PROBLEM TO SOLVE |
In the entries below, find the line with "Maths â?? No" and the line with "The Return of the Soul (Dodo Press)", then retype both and everything between them exactly. Do not copy the pictures.

DATA LISTING |
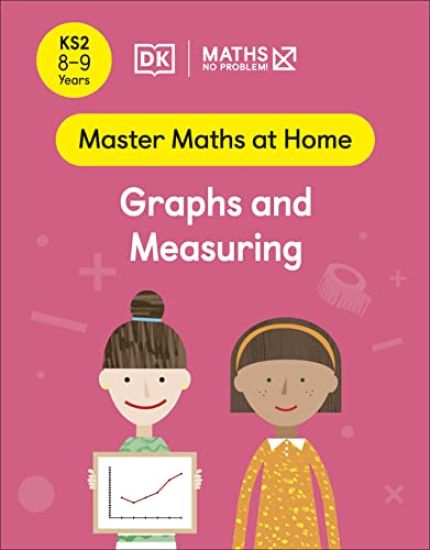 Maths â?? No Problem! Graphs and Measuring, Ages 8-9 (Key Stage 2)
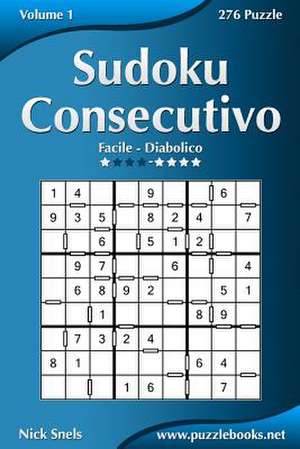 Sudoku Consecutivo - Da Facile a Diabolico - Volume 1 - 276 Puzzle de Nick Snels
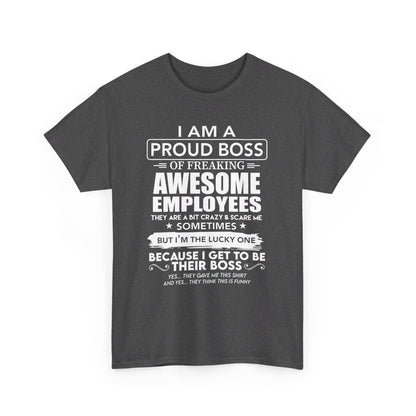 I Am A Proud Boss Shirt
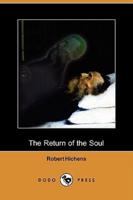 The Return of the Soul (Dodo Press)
--
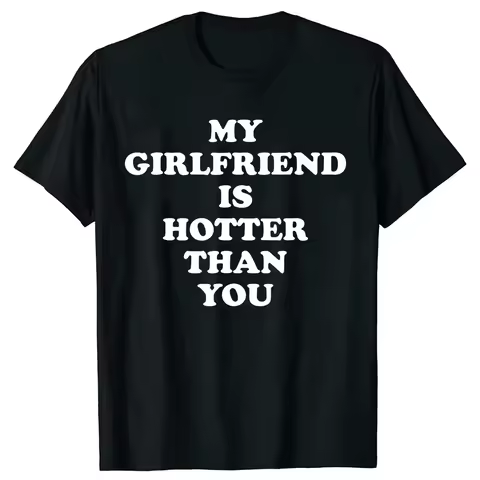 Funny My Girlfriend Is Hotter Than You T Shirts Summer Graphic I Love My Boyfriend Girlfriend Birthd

WRITTEN SOLUTION |
 Maths â?? No Problem! Graphs and Measuring, Ages 8-9 (Key Stage 2)
 Sudoku Consecutivo - Da Facile a Diabolico - Volume 1 - 276 Puzzle de Nick Snels
 I Am A Proud Boss Shirt
 The Return of the Soul (Dodo Press)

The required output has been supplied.